До земли пятьдесят метров. Плавно сбавляя обороты мотора, снижаюсь чуть ли не ощупью. Всматриваюсь в приближающуюся расплывчатую полосу света. Легкими движениями штурвала поддерживаю машину и едва ощущаю, как она сначала чиркает колесами по снегу, а затем бежит уже по земле, покачиваясь на снежных переметах.

Промелькнул как призрак и остался где-то позади свет прожектора. Самолет устойчиво катится, постепенно замедляя бег.

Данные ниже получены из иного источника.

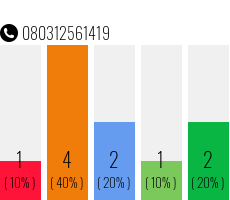 Rufnummer 080312561419 Telefonnummer 080312561419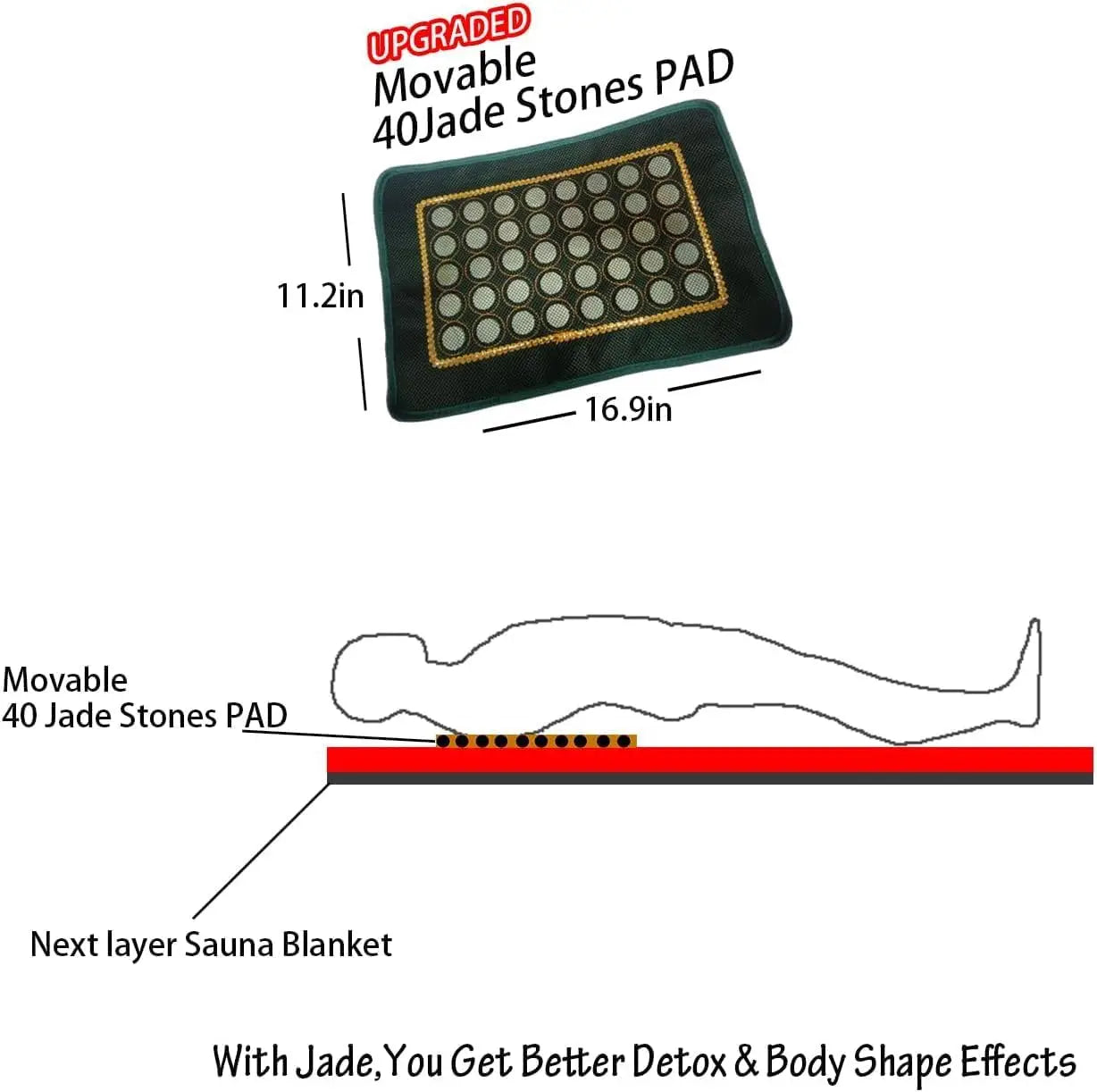 Portable Far Infrared Sauna Blanket with Natural Jade, Tourmaline Mat, Remote Control for Home Relaxation and Exercise Recovery
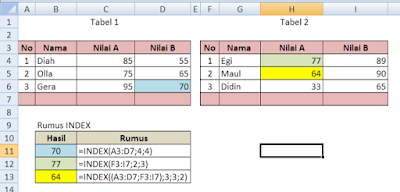 Cara Menggunakan Fungsi INDEX Untuk Mendapatkan Nilai Dalam Microsoft Excel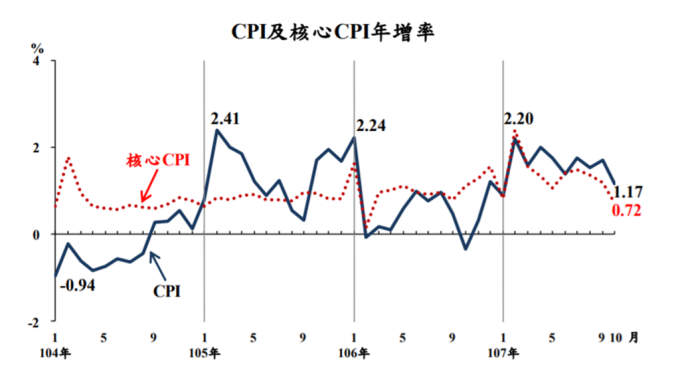 物價溫和平穩 10月CPI年增率僅1.17% 今年次
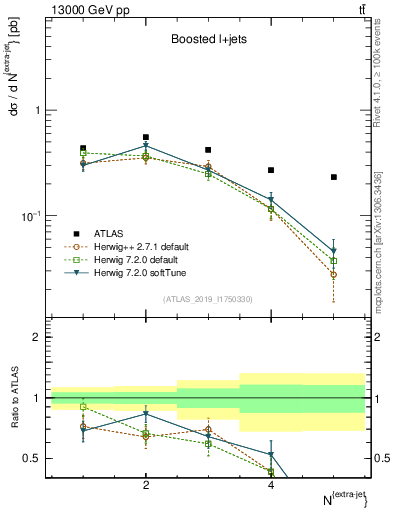 Plot of nextrajets in 13000 GeV pp collisions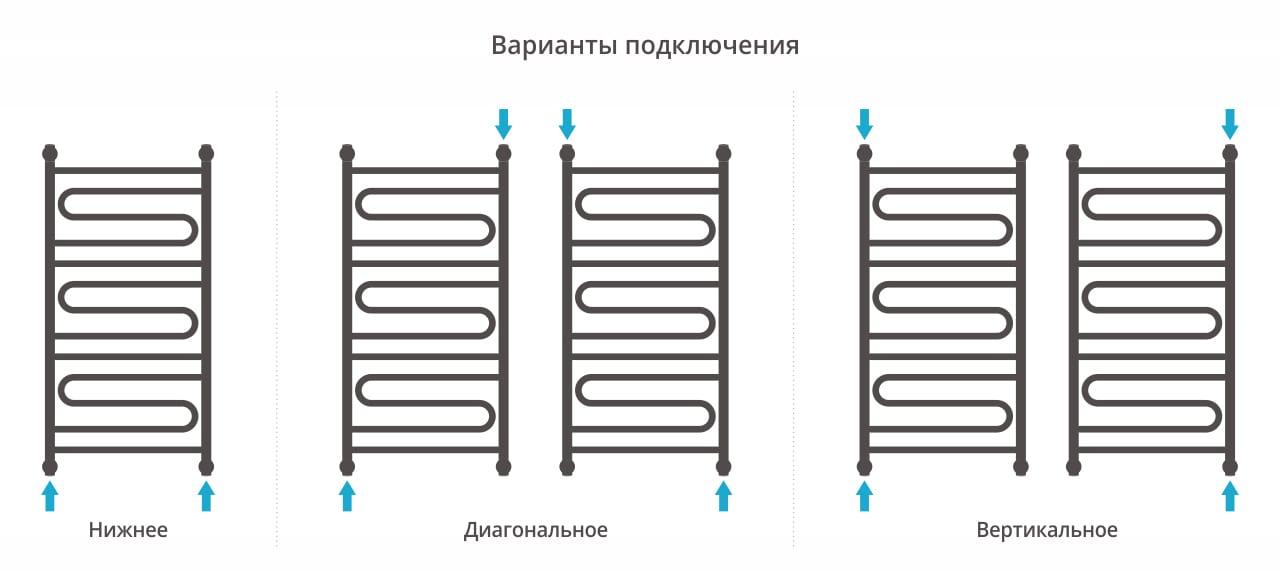 Полотенцесушитель водяной Сунержа Элегия+ 00-0205-1050 100x50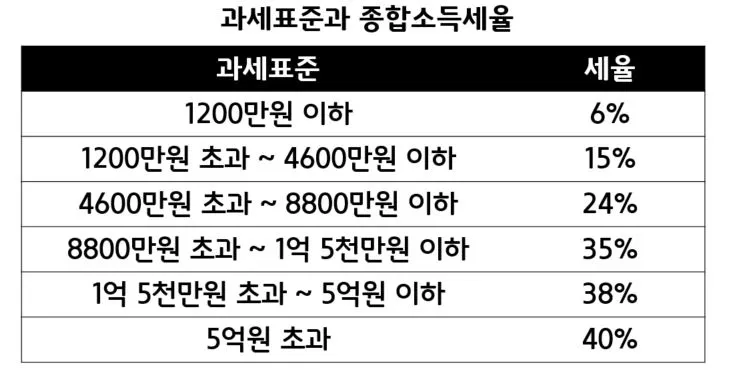 과세표준과 종합 세율.JPG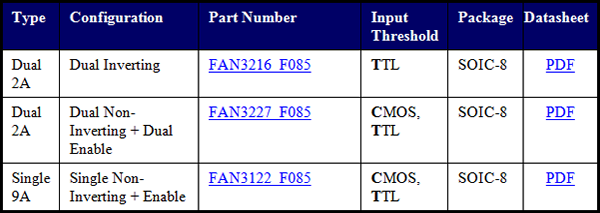 FAN31xx_F085 and FAN32xx_F085 series 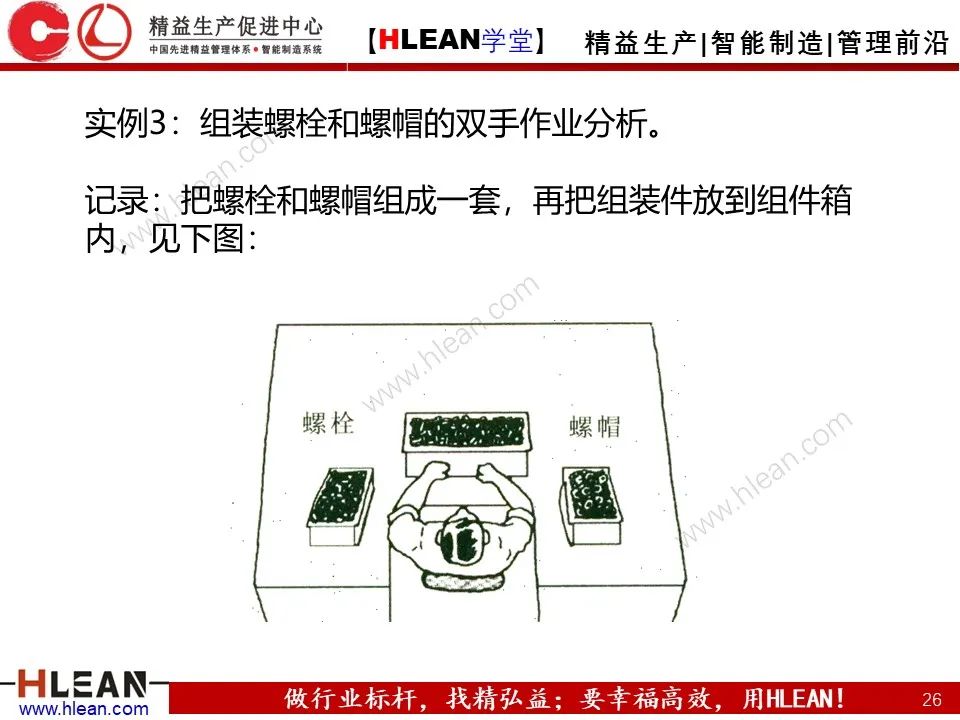 「精益学堂」IE七大手法之双手法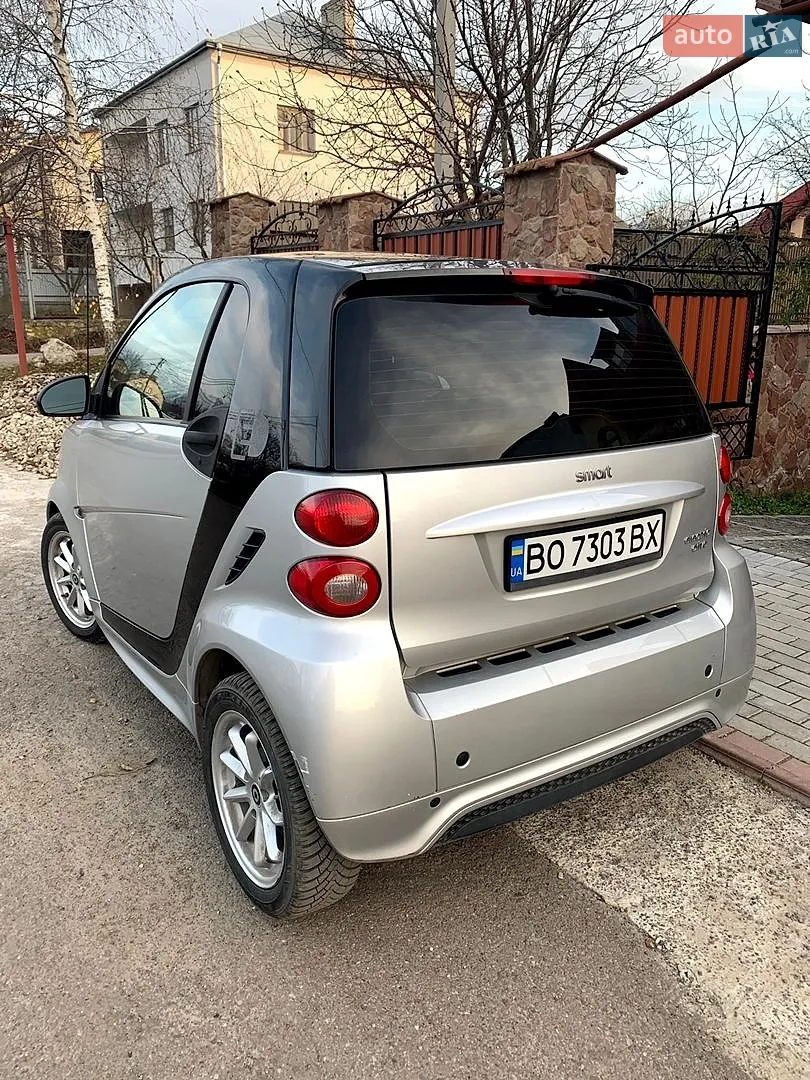 2015 Smart Fortwo - мініатюра 3
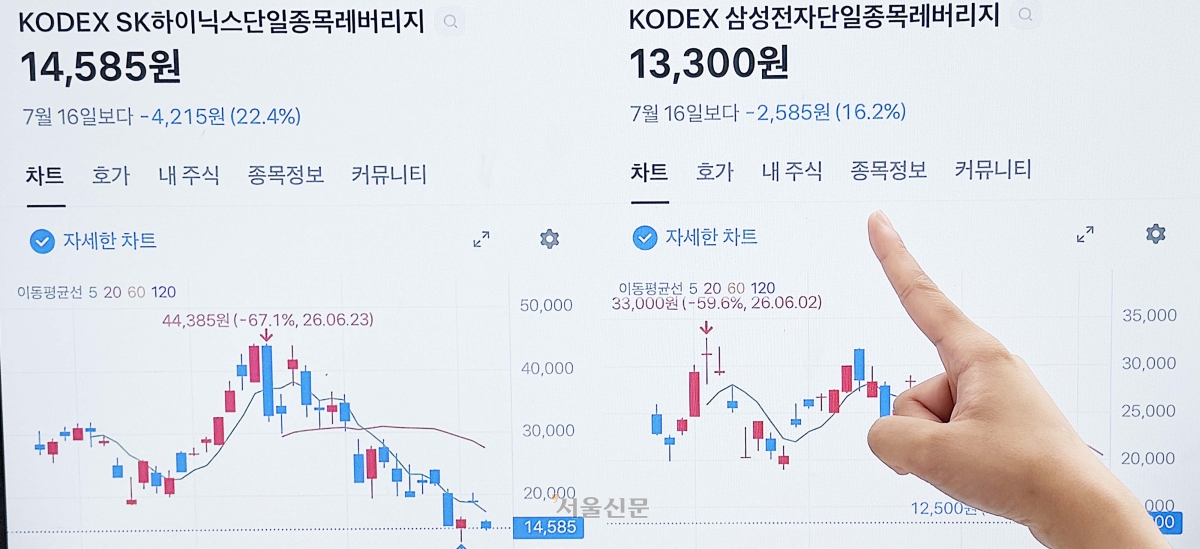 삼성전자, 하이닉스 단일종목 레버리지 차트 모습. 2026.7.19 홍윤기 기자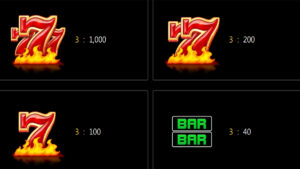 Crazy 777 2 Paytable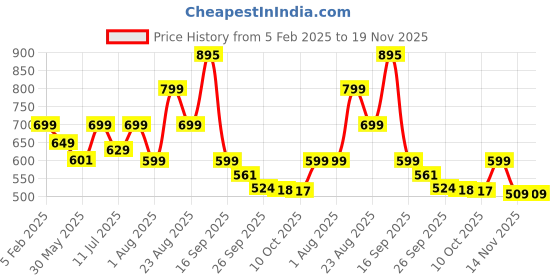 myntra.com Bewakoof Plus Graphic Printed Pure Cotton T-shirt bewakoof plus Price History Graph from 5 Feb 2025 to 19 Nov 2025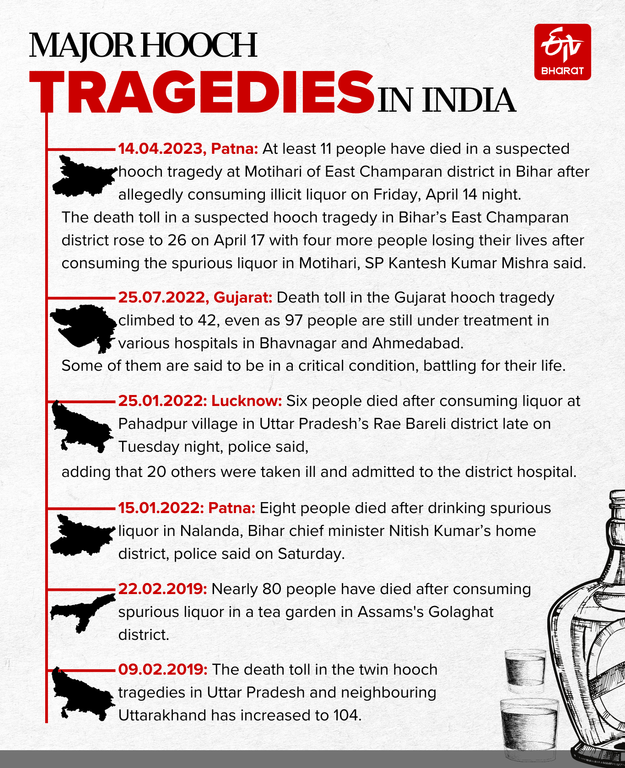 Timeline Of Major Incidents Involving Deaths Due To Illicit Liquor Consumption In India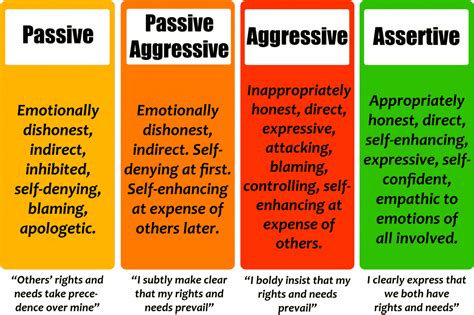 How To Be Assertive In Simple Steps The Power Moves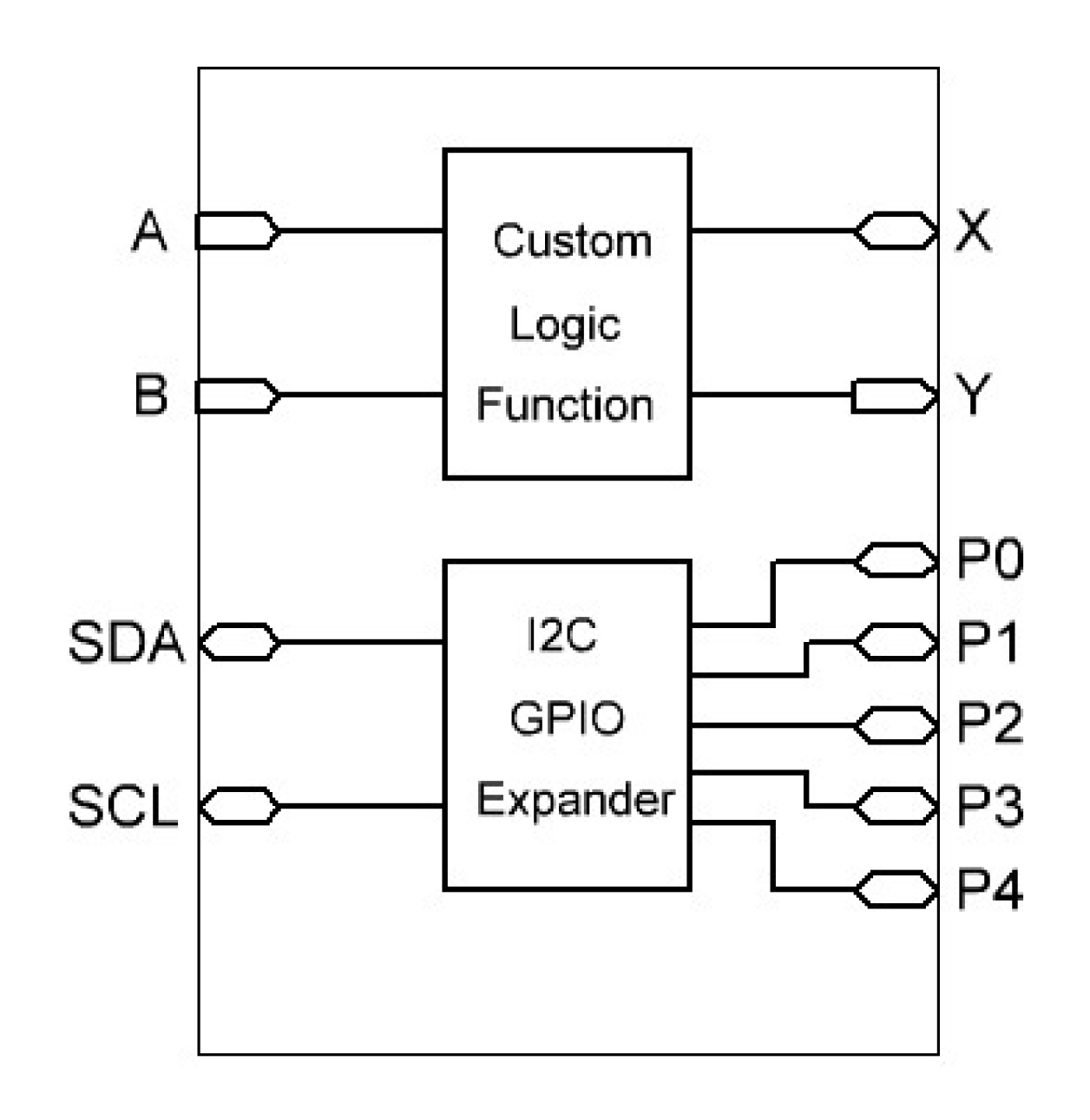 SLG46540 典型应用图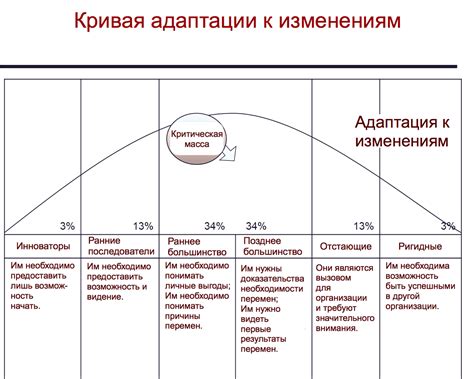 Управление рисками и адаптация к изменениям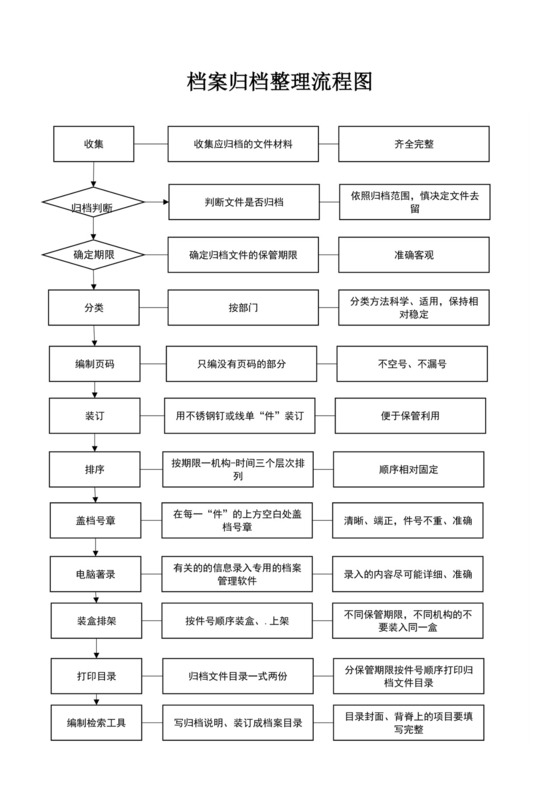 档案归档整理流程图模板档案归档流程图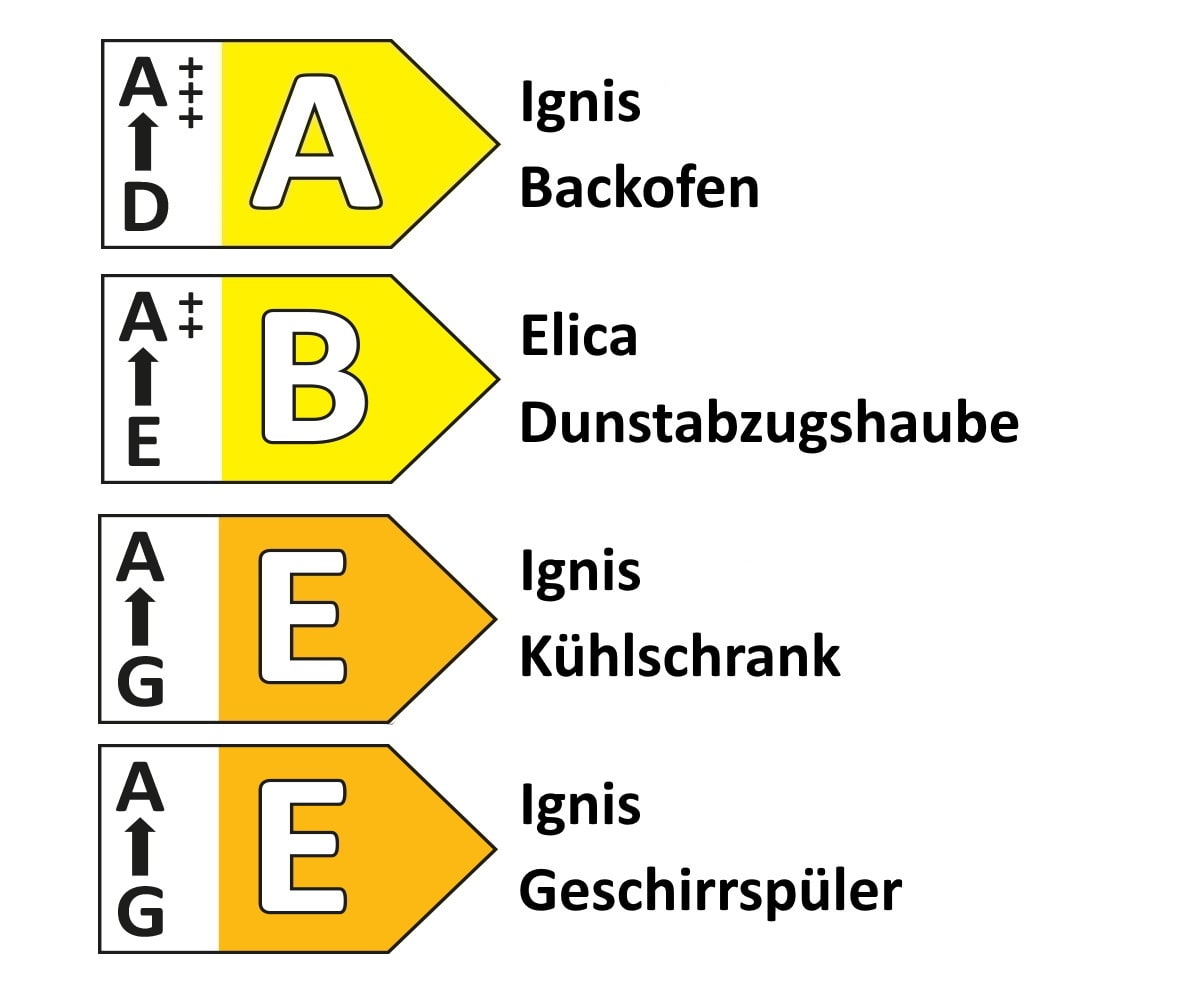 Einbauküche Wida, matt anthrazit, inkl. Elektrogeräte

Пусть теперь за окнами кабин злится и воет ветер. Боевой полет закончен. Задание выполнено. Я с облегчением выключаю мотор, который все же дотянул нас до аэродрома, и мысленно говорю сам себе: «Вот мы и дома...»

* * *

Многие наши летчики, начиная с младших и кончая старшими по положению и званию, старались обычно так подобрать экипаж, чтобы заполучить и штурмана, и стрелка-радиста, которые непременно были бы на высоте по всем статьям. Я не делал этого. Я летал с молодыми и немолодыми, с опытными и необстрелянными помощниками. Правда, иногда попадал впросак, но ни разу не пожалел об этом, считая, что ошибаться свойственно каждому, тем более тем, кто хочет совершенствовать свое боевое мастерство.

...Это случилось в конце ноября сорок первого, когда наши войска освободили Ростов и с боями продвигались вперед там, на юге. В то время летчики полка работали с аэродрома подскока в районе станции Раздольная, поддерживая свои наступающие войска. Особенно удачно действовали на запорожском направлении, громя колонны врага и парализуя движение немецких составов по железным дорогам. Мы были довольны своими успехами.

Стремясь сдержать натиск советских войск, гитлеровское командование подтягивало к Таганрогу резервы из [48] Донбасса через станцию Волноваха, а из Запорожья — через станцию Пологи. Мы получили задание в течение ночи бомбить станцию Пологи и приостановить движение эшелонов врага.